Detecting fraudulent transactions is one of the classic use cases for real-time data. The business value is clear:
Traditionally, fraud detection has been done using stream processing applications written in languages such as Java. Maybe it’s been done using Kafka Streams or Spark Streaming, too, but regardless of the framework, it has always required a strong understanding of the core language first. This reduces the base of developers who can access stream processing. KSQL changes this, because anyone who can write SQL can now write stream processing applications.
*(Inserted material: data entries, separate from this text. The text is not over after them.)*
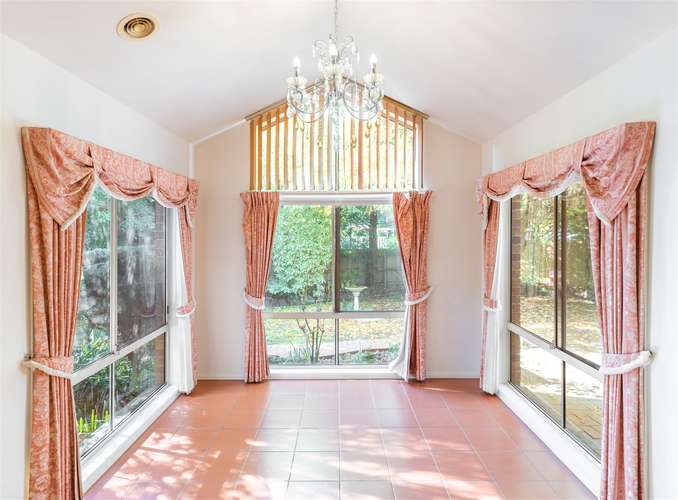 Third view of Homely house listing, 3 Sage Pl, Rowville VIC 3178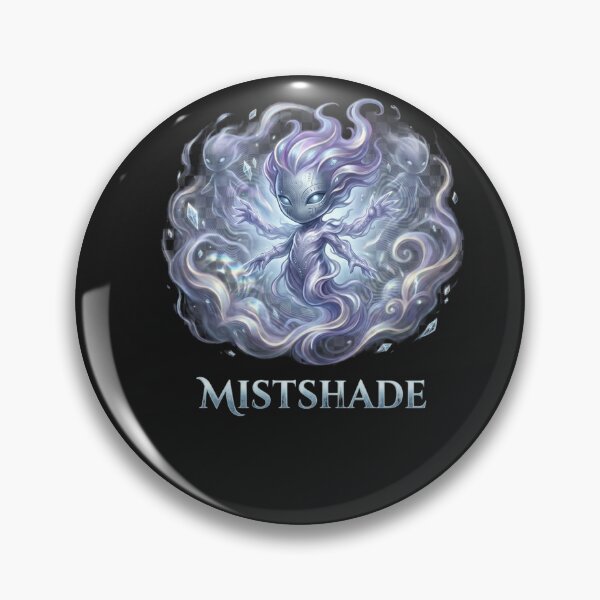 Item preview, Aethermon Original Anime Creature – Mistshade designed and sold by Aethermon.
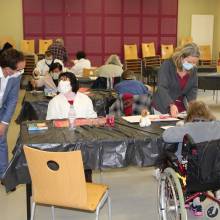 Atelier d'arts plastiques"Handivalide"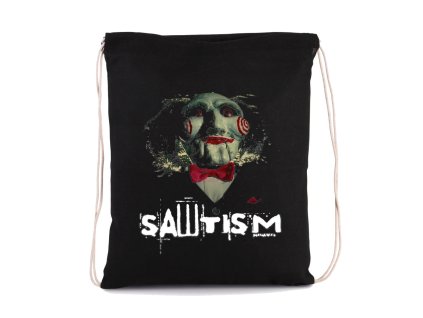 Sack black SAW jako nikdy předtím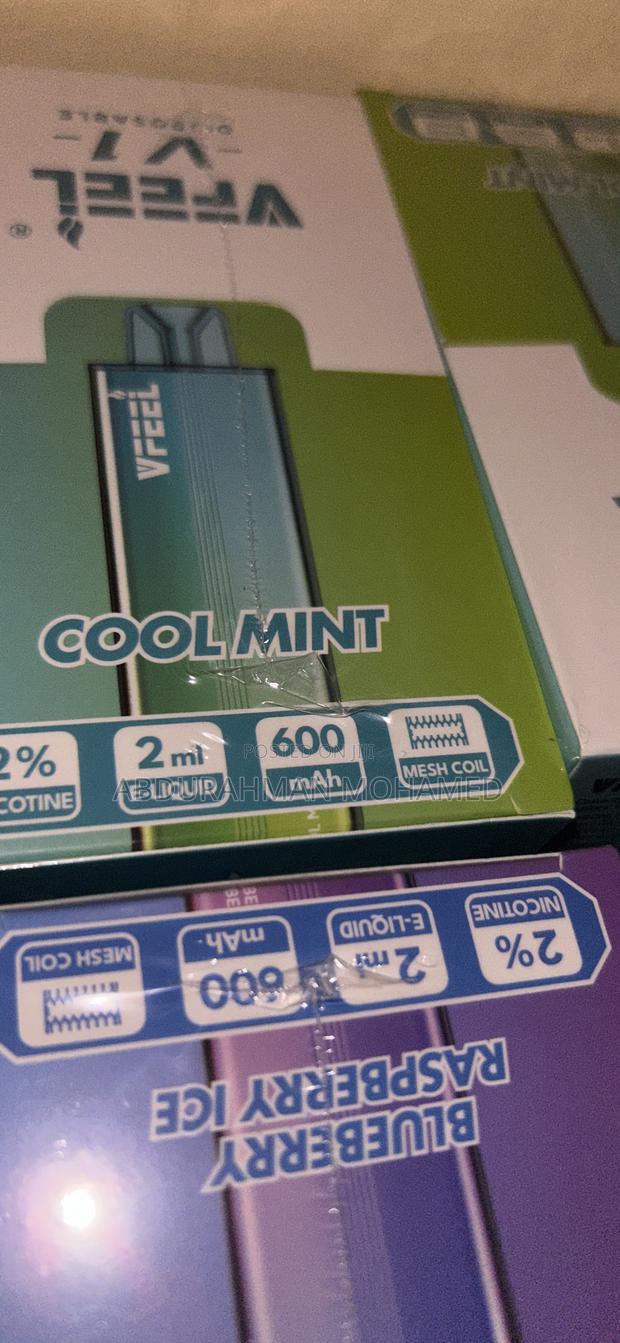 Vfeel Vape Disposable - thumbnail 8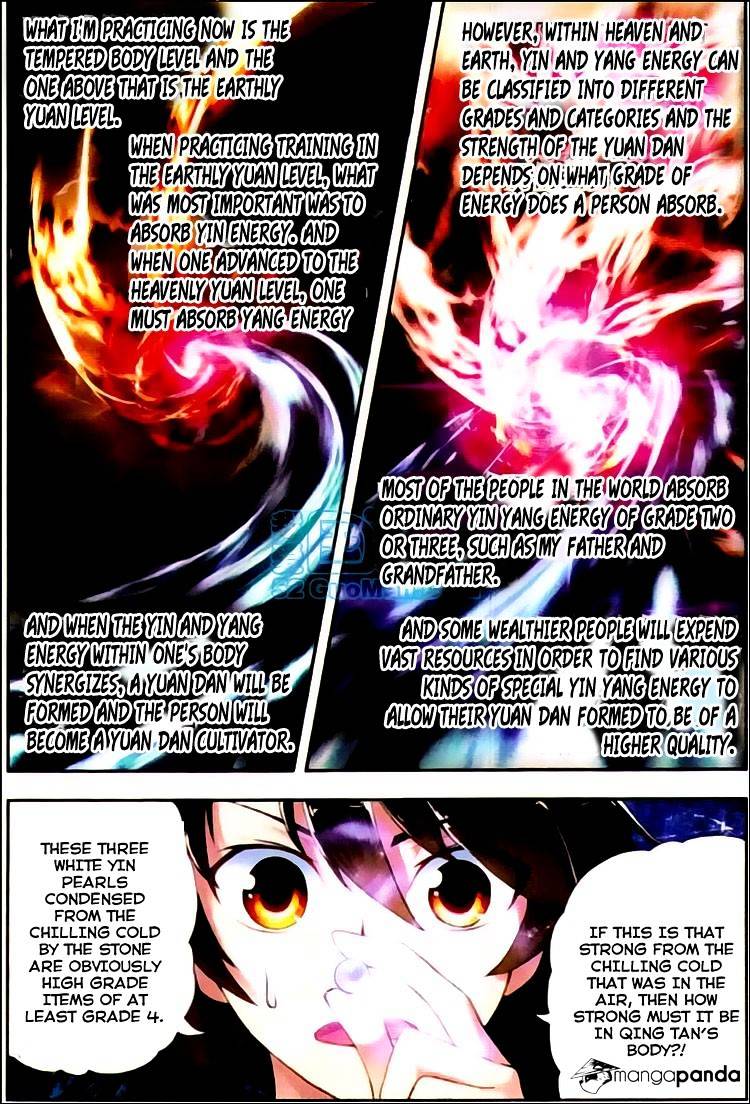 Wu Dong Qian Kun chapter 5 - page 24
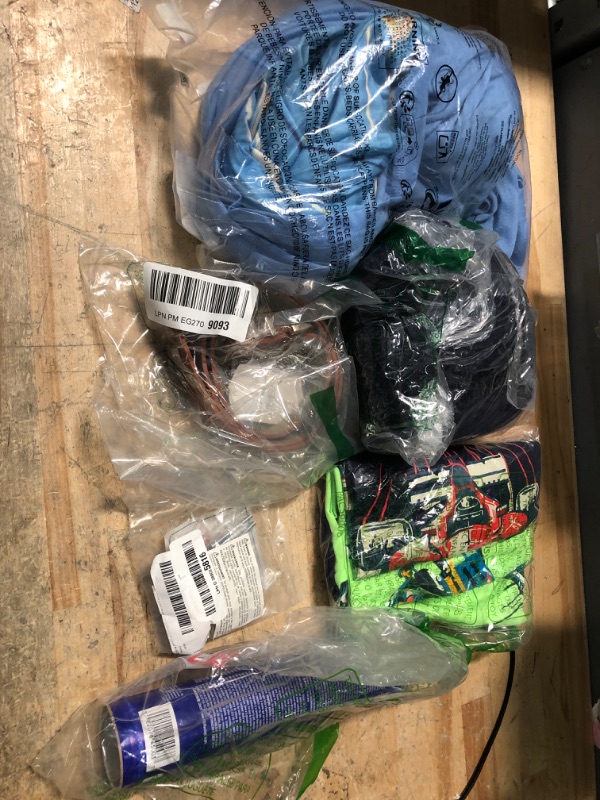 Photo 1 of ** SOLD AS IS BUNDLE OF MISCELLANEOUS AND SORTED GOODS ** 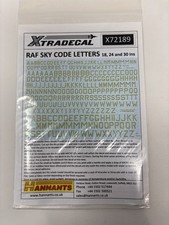 Xtradecal decals raf sky - xtradecal,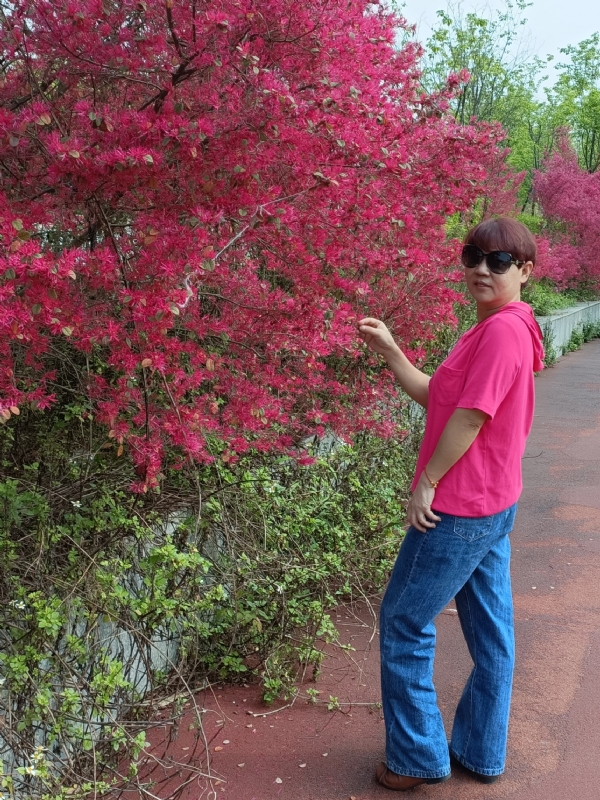 羊羊的第一张照片--驻马店相亲服务中心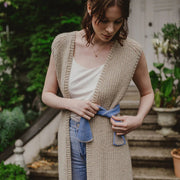 PATTERN | LEVKA TIE BELT - HM Nabavian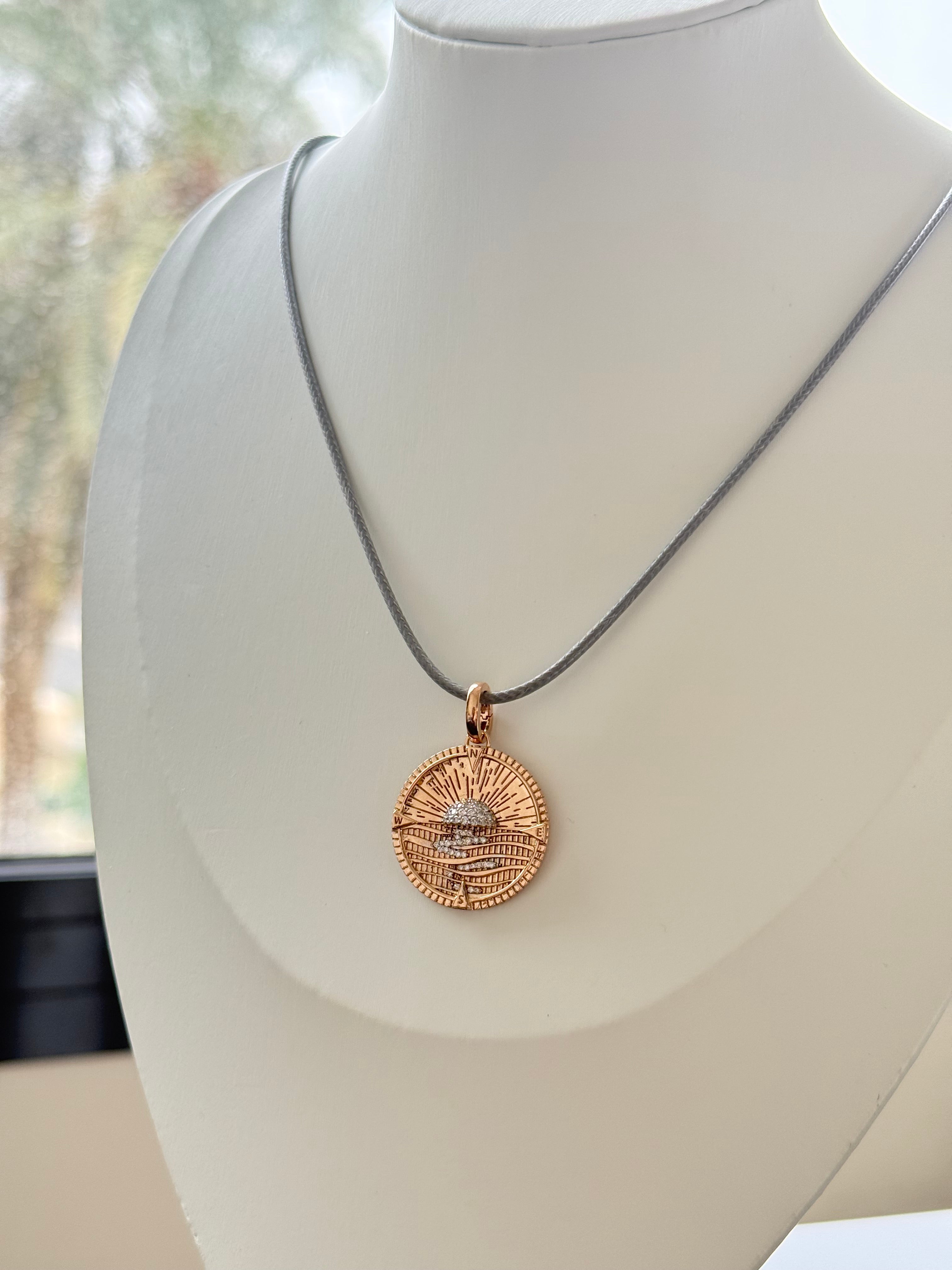 SUNRISE REFLECTIONS PENDANT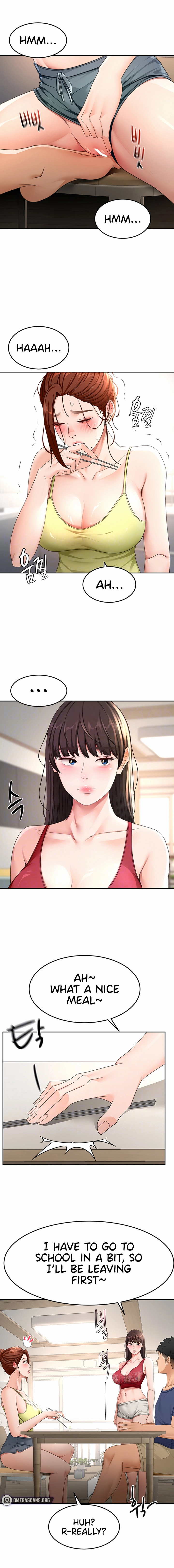 Read Rooftop Sex King chapter 36 image 4 on Lezhin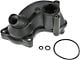 Engine Coolant Thermostat Housing (05-10 Mustang V6)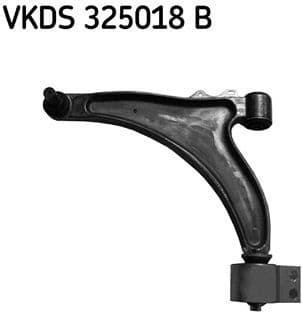 Control/Trailing Arm, wheel suspension VKDS325018B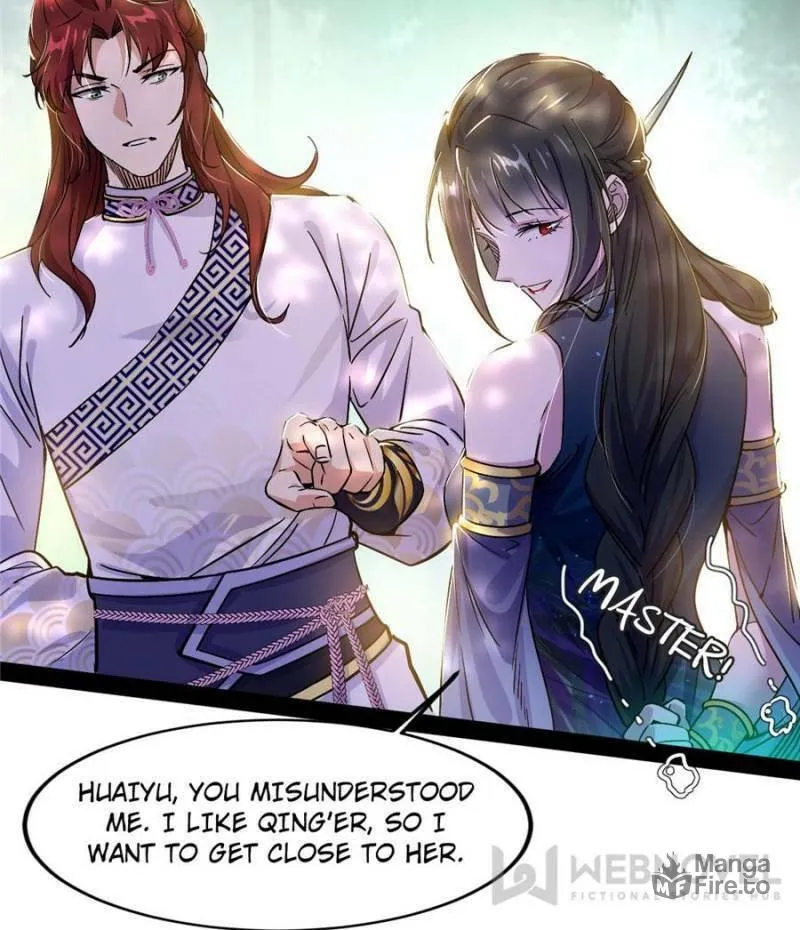 Way To Be The Evil Emperor Chapter 298 page 24 - 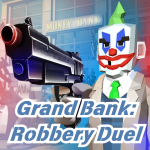 Play Grand Bank: Robbery Duel now!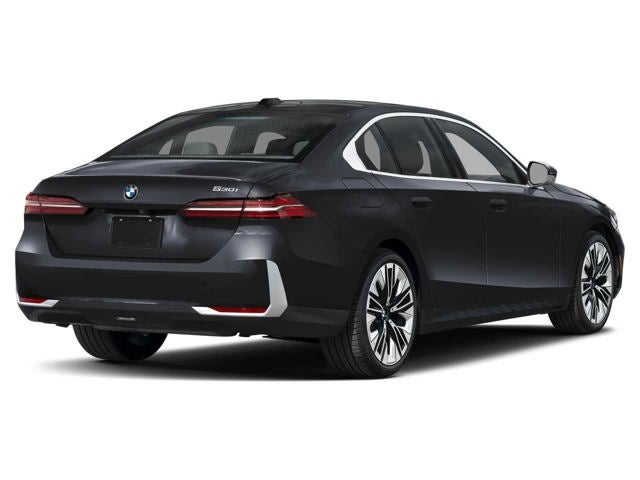 2027 BMW 5 Series 530i xDrive Sedan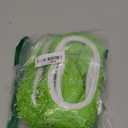 Reusable Microfiber Mop Pads Compatible with Swiffer Sweeper- 4 Pack Dry Sweeping Cloths & Wet Mopping Cloths - Washable Wet Pads Refill for Mopping Floors (Mop is not Included)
KSQL is a continuous query language. Whilst you can use it for interactive exploration of data—as we will see in a moment—its core purpose is building stream processing applications. Because KSQL is built on Kafka Streams, which is built on Apache Kafka®, it benefits from the horizontal scalability characteristics for both resilience and throughput.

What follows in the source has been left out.